Dans l’expérience directe, il est clair qu’il y a deux niveaux. Il y a le témoin silencieux, immobile, qui ne fait rien, qui ne change jamais. Et il y a le corps mental, cet ensemble de perceptions, d’impulsions, d’émotions et de pensées, qui agit, parle, se déplace, répond aux circonstances. Le témoin ne fait rien, le corps mental fait tout. Voir cela avec précision change complètement le rapport à l’action. L’action continue, parfois même plus efficacement qu’avant, mais la charge intérieure disparaît. Ce n’est pas l’action qui fatigue, c’est la croyance illusoire d’être celui qui agit.
La confusion naît quand on croit que reconnaître l’immobilité du témoin implique l’inaction dans le monde. C’est l’inverse. Plus le centre est immobile, plus l’action périphérique est libre, ajustée, précise. L’absence d’auteur intérieur n’entraîne jamais l’absence d’action. Elle enlève seulement la crispation autour du résultat, la peur de perdre, l’avidité de gagner, la volonté d’avoir raison ou le besoin d’être reconnu.
C’est ici que la notion d’allègement devient cruciale. Enlightenment, qui signifie en anglais “illumination”, utilise le mot light, qui veut à la fois dire lumière et légèreté. L’illumination est en réalité un allègement. On s’allège de la croyance d’être un acteur personnel, et en s’allégeant ainsi, on cesse de s’infliger la double peine, qui consiste à agir tout en résistant intérieurement à ce qui est. Résister intérieurement tout en essayant de faire quelque chose revient à vouloir avancer en gardant le frein à main tiré. La moitié de l’énergie part dans la lutte contre les circonstances, l’autre moitié dans l’effort pour répondre à la situation. Quand la résistance tombe, l’action devient simple, directe, disponible. On découvre que la fatigue venait moins de l’action que de l’histoire intérieure qu’on y ajoutait.
Dans un cas d’injustice, comme lorsqu’une personne s’approprie le fruit du travail d’une autre, cette clarté n’invite pas à se résigner. La non-dualité ne demande jamais d’accepter l’inacceptable. Elle enlève seulement l’implication personnelle excessive qui brouille la perception. On peut rectifier une injustice sans haine, poser une limite sans drame, parler fermement sans colère. La paix intérieure n’est pas une neutralité molle. C’est un recul naturel qui donne à l’action plus de précision.

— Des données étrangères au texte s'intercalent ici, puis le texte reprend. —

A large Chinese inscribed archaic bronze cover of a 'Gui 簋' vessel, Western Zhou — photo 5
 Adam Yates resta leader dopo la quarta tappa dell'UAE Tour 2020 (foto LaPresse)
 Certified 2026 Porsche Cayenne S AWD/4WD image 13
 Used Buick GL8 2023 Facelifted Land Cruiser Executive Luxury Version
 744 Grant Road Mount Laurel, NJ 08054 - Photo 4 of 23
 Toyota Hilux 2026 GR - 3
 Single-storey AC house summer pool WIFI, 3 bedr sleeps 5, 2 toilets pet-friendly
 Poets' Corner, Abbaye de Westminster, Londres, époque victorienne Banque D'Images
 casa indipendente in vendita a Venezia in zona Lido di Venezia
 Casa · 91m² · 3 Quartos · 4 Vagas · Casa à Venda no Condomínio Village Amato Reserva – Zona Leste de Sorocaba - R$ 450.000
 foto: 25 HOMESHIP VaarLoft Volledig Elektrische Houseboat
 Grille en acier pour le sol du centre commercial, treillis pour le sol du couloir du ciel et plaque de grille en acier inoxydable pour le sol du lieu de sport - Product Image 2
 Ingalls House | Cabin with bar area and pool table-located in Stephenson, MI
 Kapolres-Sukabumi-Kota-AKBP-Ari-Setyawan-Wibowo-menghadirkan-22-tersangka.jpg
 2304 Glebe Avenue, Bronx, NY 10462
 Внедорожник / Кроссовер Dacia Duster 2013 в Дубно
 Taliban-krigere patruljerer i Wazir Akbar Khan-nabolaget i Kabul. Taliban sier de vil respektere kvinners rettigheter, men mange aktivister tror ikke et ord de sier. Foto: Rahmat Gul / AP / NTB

Dans ma vie quotidienne, cette vision s’incarne de manière très concrète. Avec mes trois enfants, par exemple, les situations sont souvent intenses. Quand l’un d’eux traverse une frustration ou une colère, si je suis contracté, si je veux que la situation se calme pour mon confort, ma réponse devient rigide ou mécanique. L’autorité naturelle se transforme en autoritarisme. Mais lorsque je me replace dans ce témoin silencieux et disponible, la réponse émerge d’elle-même. Parfois il s’agit d’accompagner une émotion sans rien dire, parfois d’offrir une présence calme, parfois de maintenir une limite claire. La réponse juste n’est jamais fabriquée mentalement. Elle apparaît, et souvent de façon spontanée et de manière surprenante. Le rôle de “père” auquel j’ai pu momentanément m’identifier repasse immédiatement à l’arrière-plan, et quelque chose de plus simple agit.
À l’Opéra de Paris (où je travaille en tant qu’artiste des chœurs), où les répétitions sont parfois rythmées par le stress, les remarques rapides, les ajustements incessants, cette reconnaissance de ma vraie nature impersonnelle, et la pratique quotidienne du « karma yoga ( le yoga de l’action sans acteur) a transformé ma manière de travailler et de vivre en collectivité. Chaque fois que je me suis momentanément identifié au rôle, la moindre critique est devenue une atteinte personnelle. Quand l’identification tombe, il reste tout simplement une attention ouverte, qui ne sais rien, qui ne veut rien et qui ne possède rien. Je rectifie une note, j’aide un collègue en difficulté, je réponds à un chef de chœur énervé ou à un chef de chant frustré (répetiteur pianiste) sans y ajouter de tension intérieure. Le travail devient plus précis et paradoxalement tellement plus léger. Il n’y a plus un acteur (un corps) contracté, il y a tout simplement une action qui se fait.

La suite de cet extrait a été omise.